A lovebirds’s diet will consist of 1 1/2 to 2 ounces (45-60 grams) of feed daily for a single bird. 

Supplements
Supplements include fresh vegetables, greens, tree branches for the bark, some fruits, and millet spray. Some of the fruit supplements include berries, apples, grapes, pears, bananas, and kiwi. Some of the greens and vegetable supplements include spinach, endive, watercress, chickweed, radish, parsley, dandelions, carrot tops, corn on the cob, peas, endive, field lettuce, and various garden herbs.

Water
Lovebirds drink a lot of water, so will need fresh drinking water every day.
Bird Baths
Most lovebirds love a bath either in a flat earthenware dish or by spraying them with a light mist of lukewarm water. If you use a bathing dish, you will see the birds perch on the edge and dip their heads and upper bodies in the water and beating their wings. They prefer this kind of bath to getting into the water.

Bird Grooming
Lovebirds for sale generally maintain their nails and beaks on their own through climbing and chewing. Another good use they make of their tree branches.wing. Another good use they make of their tree branches.

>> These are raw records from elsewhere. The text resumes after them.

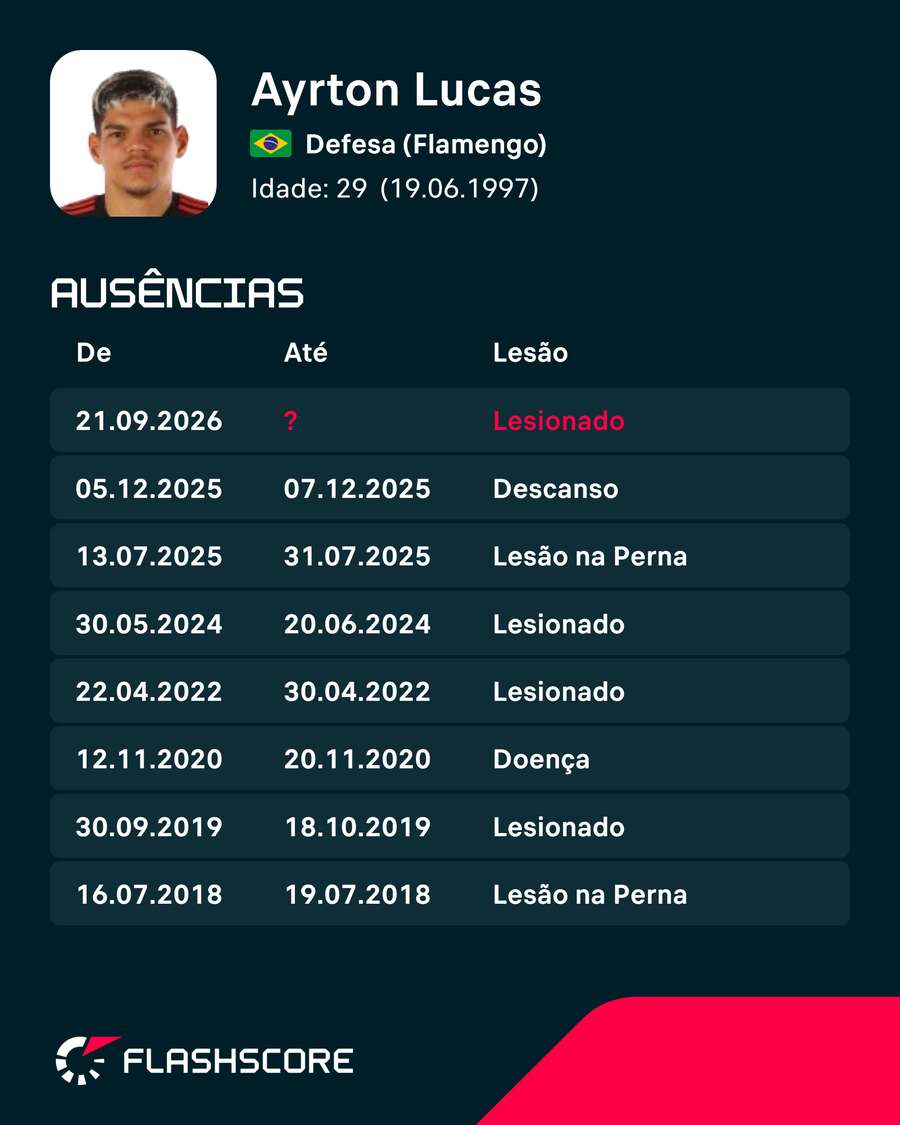 As lesões de Ayrton Lucas As lesões de Ayrton Lucas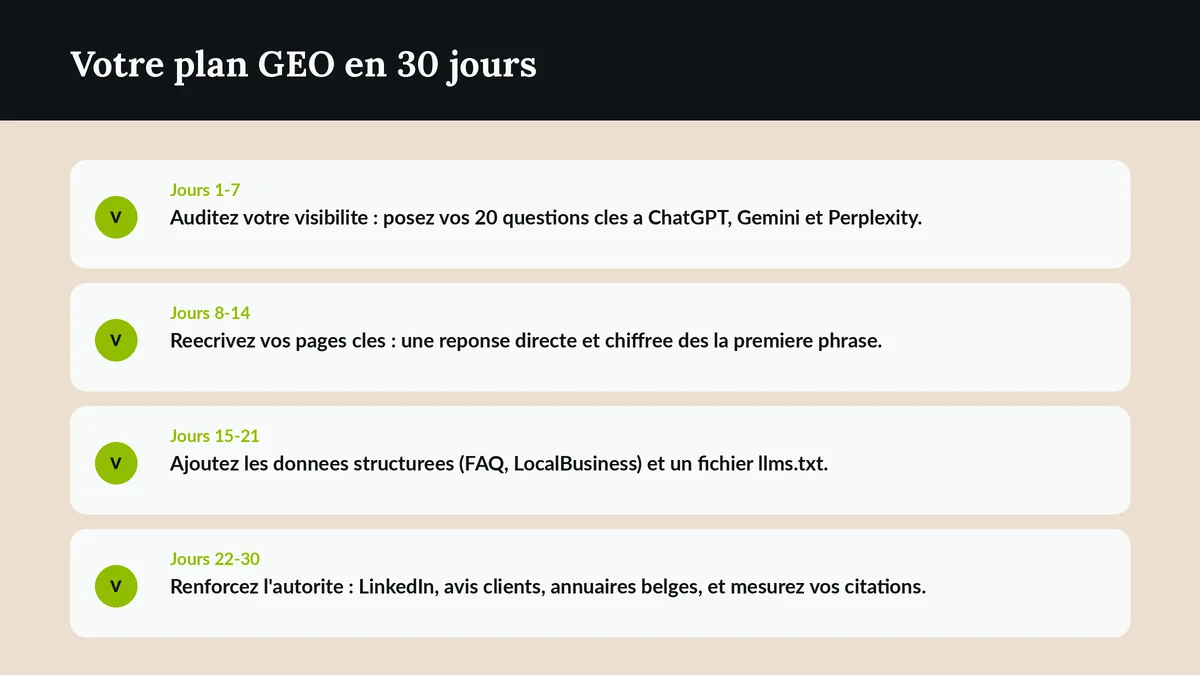 Infographie : plan d'action GEO en 30 jours pour les PME belges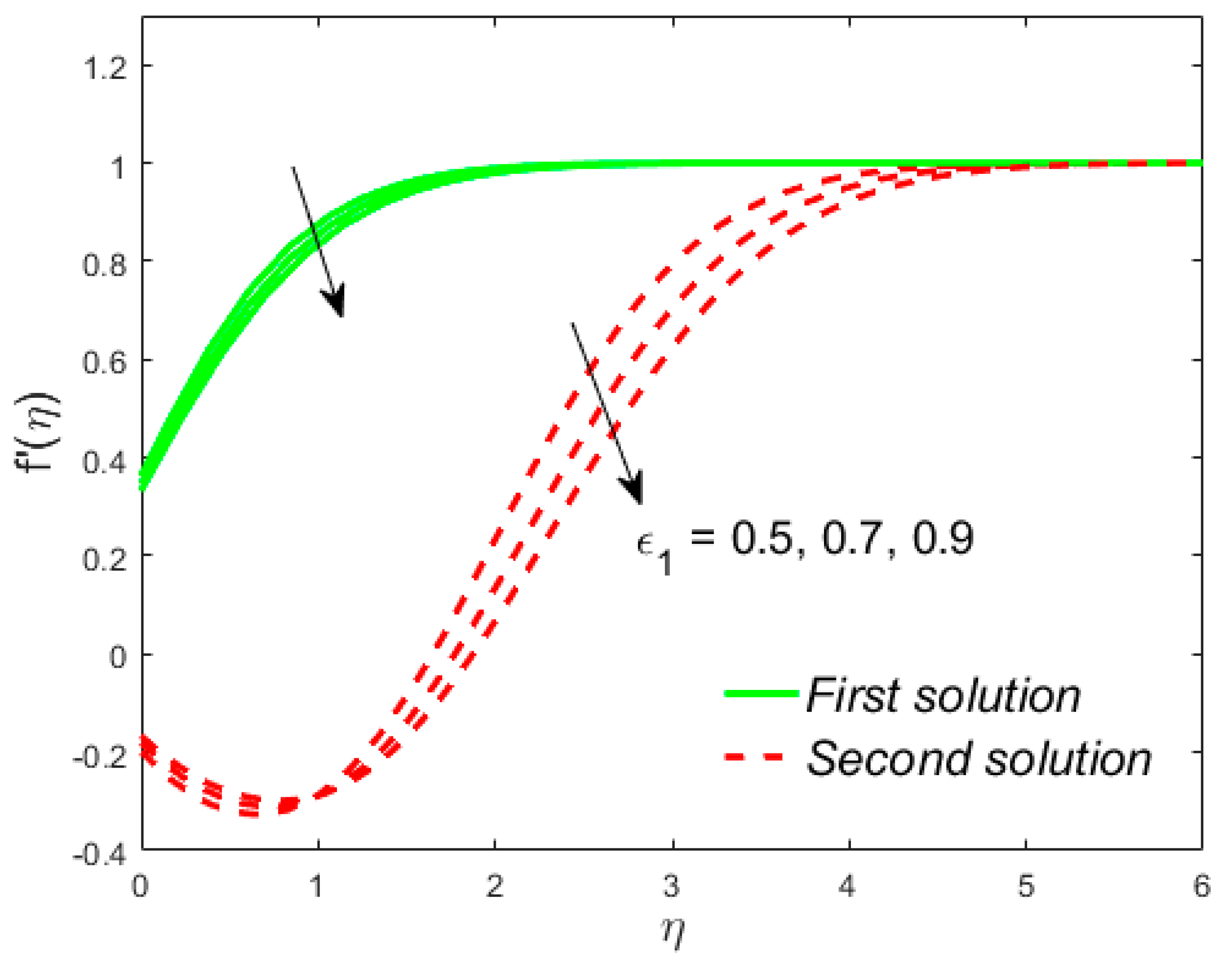 Mathematics 08 00031 g018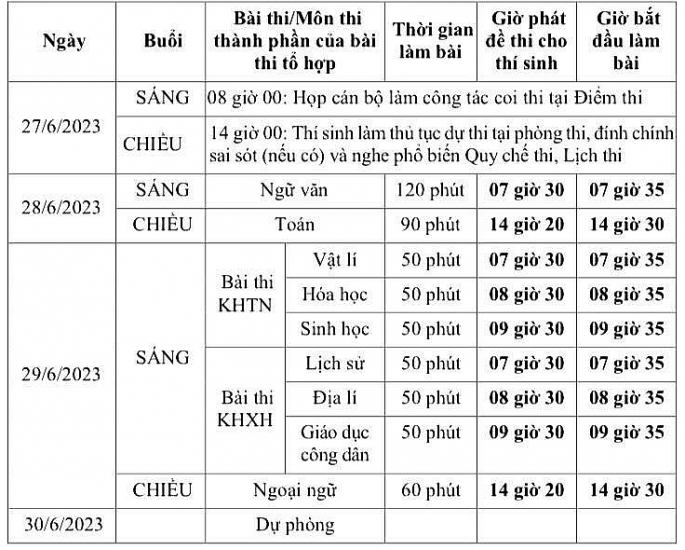 Chi tiết lịch thi tốt nghiệp THPT năm 2023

Social Behaviors of lovebirds

Lovebirds as pets, as well as in the wild, are very social birds. Generally and in most situations, it is thought to be essential for their good health and happiness that they be kept in pairs, not singly. If keeping a single lovebird, you must provide the necessary social interaction that it is missing from another bird. These birds develop fierce loyalties to their keeper or their mate.
Aside from their social nature toward you or their mate, lovebirds can be extremely aggressive towards other birds. You must be certain that all pairs get along together, and that they are true “pairs”, not mismatched. Bonded pairs constantly groom each other and will feed each other from the crop during breeding season and all year round.
These little birds will chatter all day long. They will hide in their nest box if they are startled by a sudden noise, if they spot a potential predator, or if it gets cold and windy.

Speech & Sound

Lovebirds are a chatty bunch, singing and whistling all day long. Lovebirds are especially vocal at dawn and dusk.
With all that vocalizing, you might think that lovebirds talk. Well, lovebirds usually do not talk in the way you expect.

Temperament

Lovebirds are active, curious, feisty, and playful, and they pack a lot of personality into a small package. They are very social birds that form strong bonds with their owners and can become very cuddly as a result.
If not properly tamed and worked with from a young age, lovebirds can become very territorial, aggressive, and jealous. Female lovebirds, according to some experts, are more prone to jealousy and territoriality than males, but birds of both sexes can have wonderful personalities.
Lovebirds, while not as loud as some larger parrots, can still produce a loud, high-pitched screech, especially when they want your attention.

Activities of Lovebirds 

Lovebirds awaken with the dawn, get a drink, eat, and then immediately begin to chirp. They will generally quiet down by mid-morning and resume their chirping in the late afternoon.
These birds are very active, flying and climbing about, gnawing on wood or chew toys, and grooming themselves many times all day. They love toys of all kinds such as seed bells, swings, ladders, mirrors, shiny objects, and wooden gnaws. A lovebird outside of it’s cage will not stay on it’s playpen, they like to explore. Be sure this room is safe with no open doors or windows, no toxic plants, no open water containers, and no hot stove.

Colors and Markings

Lovebirds are known for their short and rather blunt tail feathers. Beyond size, this is one of the primary features that distinguish them from budgerigars. Lovebirds also have a stockier build.

The colors that these species come in can vary widely from peach to teal to white to green. They all tend to be rather vivid with heads and faces of a different color than the main body feathers. Many of the popular pet lovebirds have mostly green plumage.